Collect Your Information
I know it’s happened to you. You’ve bought something that needs assembling: a swing set or a ceiling fan or a bookcase. An hour’s work, tops. But the instructions are badly written, so you don’t read them all. Instead you just start working. Soon you discover that you need a tool or part that you don’t have, so work stops while you make a trip to a hardware store. An hour later you’re back on the job, and it happens again. Again you stop work to go buy what you need. The one-hour job stretches into three or four.

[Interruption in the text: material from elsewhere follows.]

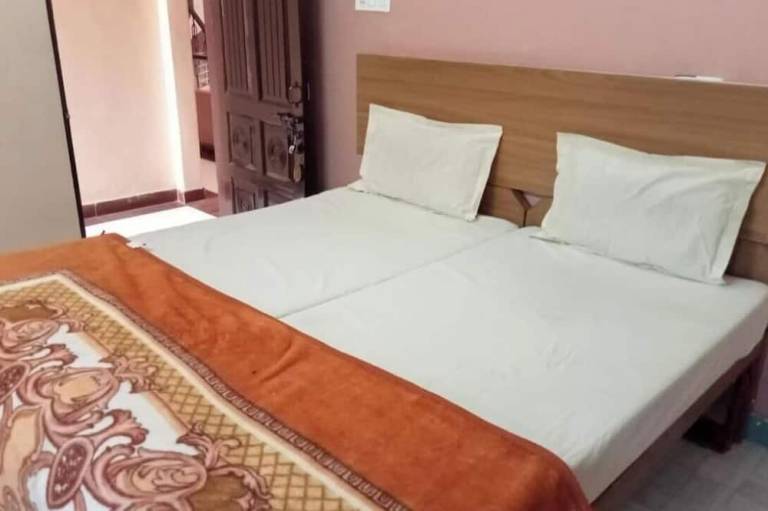 Sankatha Guest House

I know it’s happened to you because it’s happened to me. And it happens to most of us when we write. We jump into writing memos and letters without making sure that we have the materials—the information—that we need. So we keep interrupting our writing to find that information. As a result, the job takes longer and the writing is less effective. We need to learn to get our stuff together before we start.

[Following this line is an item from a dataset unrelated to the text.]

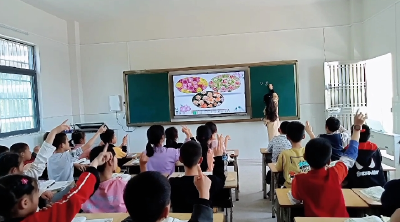 以爱为帆 以智为桨丨通城县沙堆镇教师吴楚楚的教育坚守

The information for a piece of writing can come from two places: outside your mind, the stuff you don’t know yet; and inside your mind, the stuff you already know. The outside information can come from other people or from written sources. For information from other people, learn good interviewing techniques. Especially, follow the advice of Warren Bennis and Burt Nanus in their book Leaders: The Strategies for Taking Charge: “Successful leaders, we have found, are great askers, and they do pay attention.”

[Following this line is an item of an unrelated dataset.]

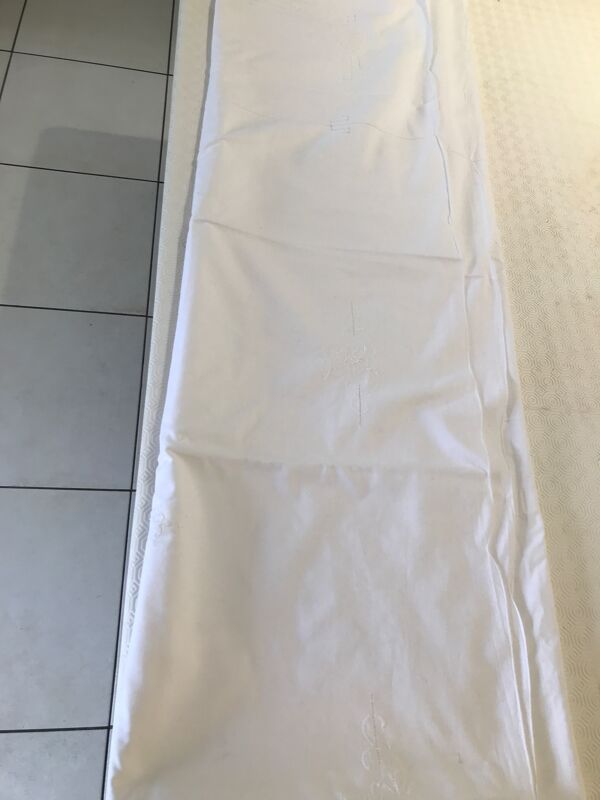 Nappe et 12 serviette brodés vintage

To be a “great asker,” learn to ask “W and H” questions, not “yes-no” questions: ask questions that begin with Who, What, Where, When, Why, and How. And then pay attention to the answers; don’t be so busy thinking of your next question that you don’t listen to the information you’re getting.
For information from written sources, learn to be a good user of libraries and other databases. An excellent book on finding such information is Alden Todd’s Finding Facts Fast, published by Ten Speed Press.
Build an efficient personal library; keep close to your desk the books and files you find yourself consulting often. The books might include a dictionary, a one-volume encyclopedia, an atlas, an almanac, and the specialized reference books of your business or profession. More and more reference books, of course, are available in computer-readable form, on disk or on CD-ROM.
Also post prominently at your desk the phone number of the reference department of your local public or university library. Reference librarians can supply a great amount of information for free, over the phone.
Other information is inside your mind, facts you already know. It’s still important to get this information together early in the writing process. Again, ask the basic “W and H” questions and jot down your answers. Also ask the following four pairs of questions about the subject of your memo, letter, or report:
• How is my subject like others? How is it different from others?
• Of what larger whole is my subject a part? Into what parts can my subject be divided?
• In what time or times does my subject exist? In what space or spaces?
• What is the cause or causes of my subject? What is the effect or effects?
But whatever means you use, get your stuff together before you start drafting. Then your one-hour assembly job can be done in an hour, with much more effective results.